Manipulación de derivados financieros
En España, las entidades financieras aprovecharon plataformas de sindicatos de crédito para acordar el reparto y fijación de precios de productos financieros derivados, evitando la competencia.
El Marqués de Salamanca
José de Salamanca y Mayol, fue un influyente empresario y financiero español del siglo XIX que se vio envuelto en un escándalo de manipulación del mercado de valores:
Al parecer, según cuenta diversas fuentes históricas, en 1844, Salamanca obtuvo la autorización para crear el Banco de Isabel II, compitiendo con el monopolio del Banco de San Fernando. A través de este banco, Salamanca y sus socios realizaron operaciones especulativas a corto plazo en el estrecho mercado de valores de la época, utilizando la deuda pública y sus propios títulos como garantía.
Ante la burbuja bursátil que ellos mismos habían creado, Salamanca tomó posiciones cortas y comenzó a vender masivamente los títulos en la Bolsa de Madrid, aprovechando la inestabilidad política para generar pánico en el mercado… y una vez caído todo: compró muy barato. Se calcula que Salamanca se embolsó cerca de 30 millones de reales en un solo día con esta maniobra.
Película
«El Marqués de Salamanca», 1948: producción española.

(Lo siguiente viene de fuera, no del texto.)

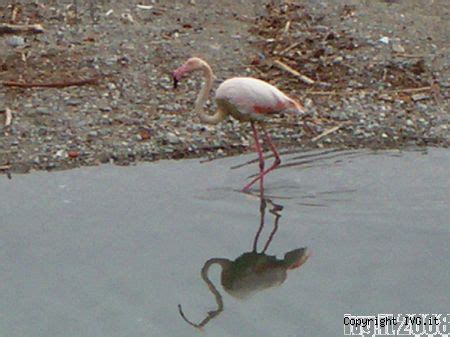 Albenga Fenicottero Rosa Vive Sulle Rive Del Centa Ivg It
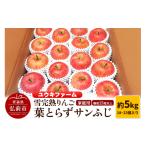 ふるさと納税 りんご 青森県 弘前市 26年1月〜発送 りんご 数量限定 雪完熟 自然 葉とらず 糖度13度以上 家庭用 サンふじ 約 5kg 18〜23個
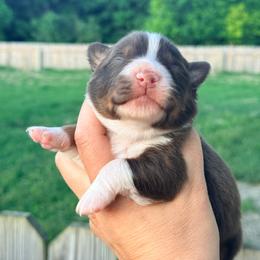 Mo - Red tri-color male Australian Shepherd puppy in Ashland, Ohio from SS Australian Shepherds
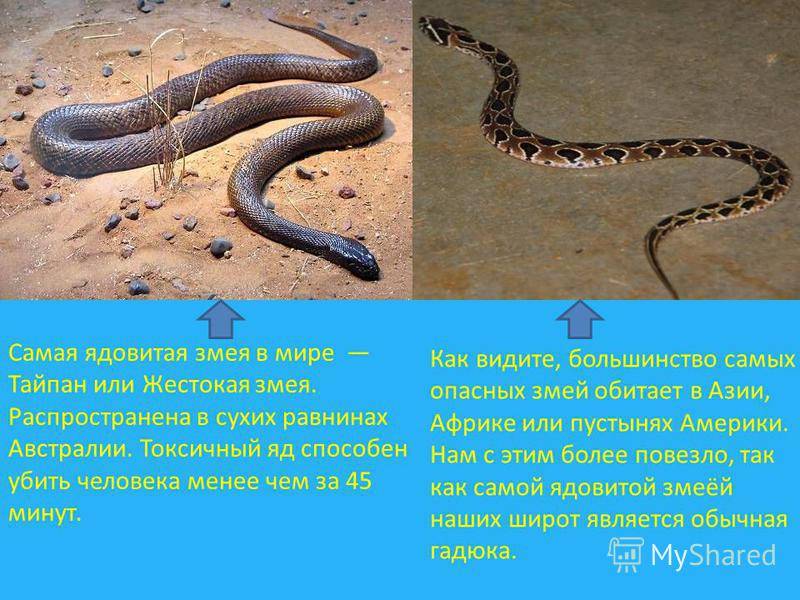 Змея тайпан, описание прибрежного тайпана и жестокой змеи - животный мир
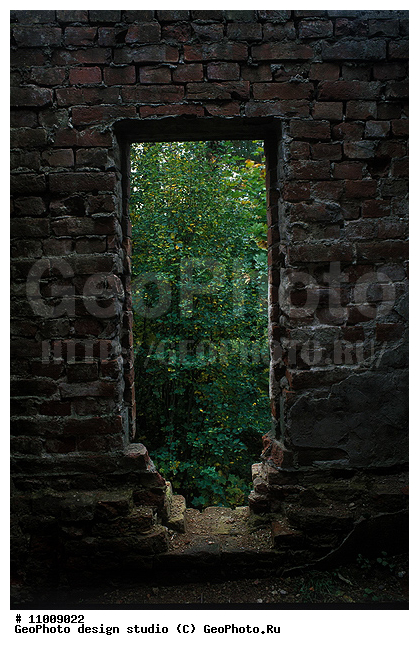 ����������� ���������, ���������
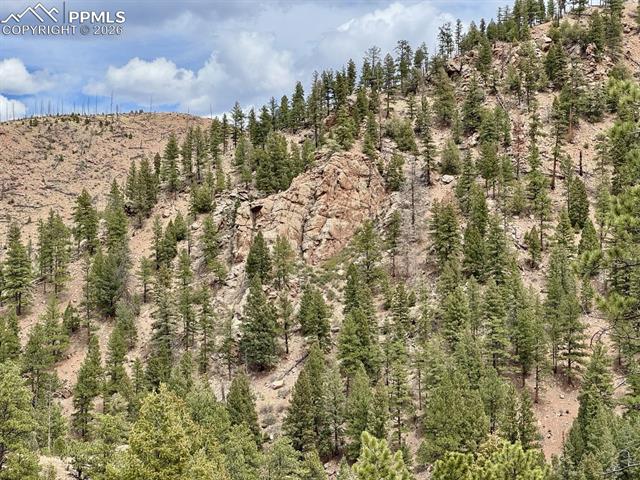 13526 N Highway 67, Woodland Park, CO 80863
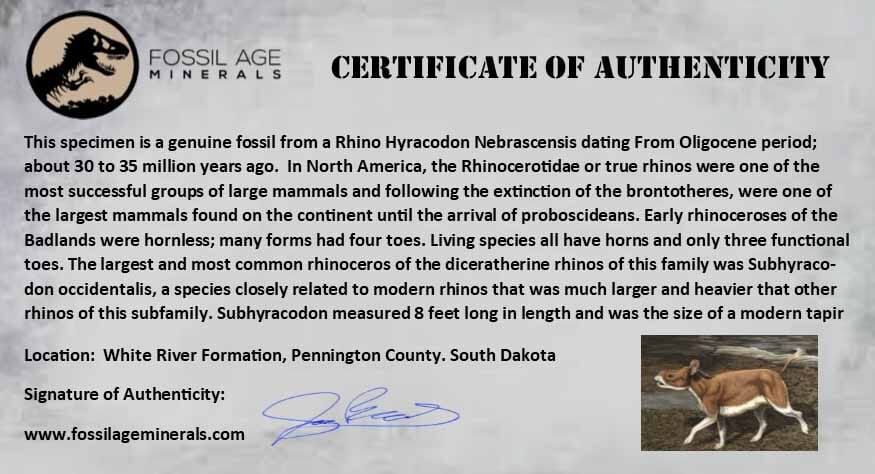 0.7" Running Rhino Hyracodon Nebrascensis Fossil Tooth South Dakota Badlands COA - Fossil Age Minerals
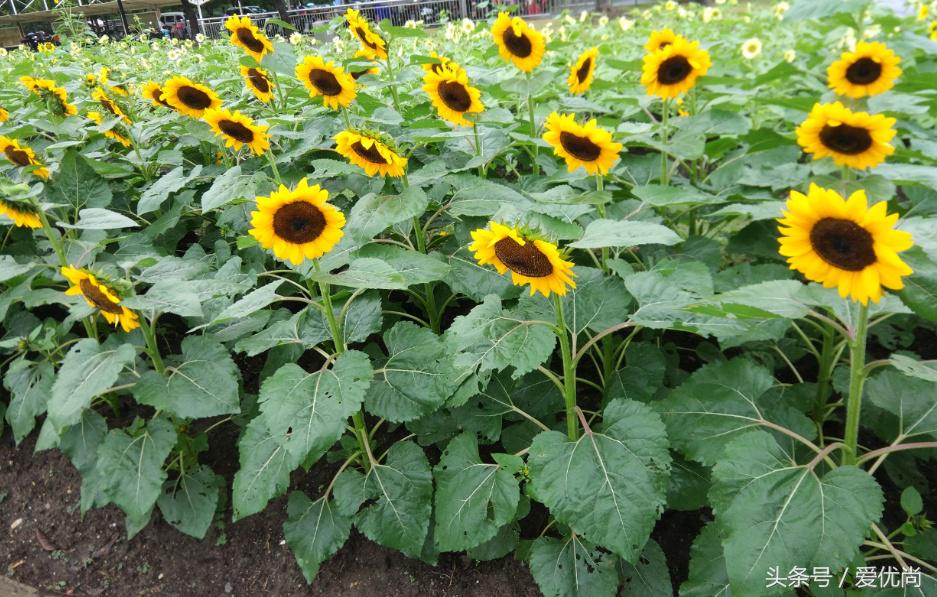 秋天的植物园,秋天的植物枫叶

En este film se muestra varias maniobras del señor marqués, una de ellas la ya expuesta en el punto anterior… pero hay algunas más. Digna de ver esta película para entender ‘El Mercado’ de ahora y siempre.
Conclusión
Estas manipulaciones se han dado siempre: rumores de guerra que tiran las bolsas y luego se compra barato y se desmiente la noticia, pasa casi a diario… sobre todo en aquella época: cuando no había Internet y las comunicaciones eran de faro a faro por las costas de los países.

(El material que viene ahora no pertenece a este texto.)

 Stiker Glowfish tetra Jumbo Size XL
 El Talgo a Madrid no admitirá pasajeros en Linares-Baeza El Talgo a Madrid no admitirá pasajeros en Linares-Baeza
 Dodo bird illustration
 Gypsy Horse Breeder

Su historia, la del marqués de Salamanca, ha sido más bien objeto de libros y artículos académicos que analizan su papel como influyente empresario y financiero de la España del siglo XIX.
Hay que recordar que actualmente en Madrid existe el barrio de Salamanca que él creó en su momento: y de paso, al parecer, se quedó con la concesión con todos los medios (infraestructura) de transporte (tranvías de la época) hacia el centro de la capital de España.
¿Algo de lo expuesto aquí, en este artículo, es lo que ha sucedido hoy con Bitcoin? ¿Algún rumor? ¿Una mala noticia? ¿Mt Gox?
El caso que el precio se dejó caer, y luego rebotó. Por cierto, este post se ha escrito mientras caía el BTC en picado ($57,2K en este instante).
¿Acaso sabíamos que iba a rebotar? Sí, pues como decía el Marqués de Salamanca (cuando tiraba con un rumor el mercado): «¿Está preparado ya el otro equipo (el comprador)?»
Y, ¿cómo sabíamos que era una caída especulativa con rebote? Pues con ciertos conocimientos, es tema para otro artículo. Pero conocer la historia, es muy conveniente. O como decía Benjamín Franklin: «Invertir en conocimientos es lo más rentable».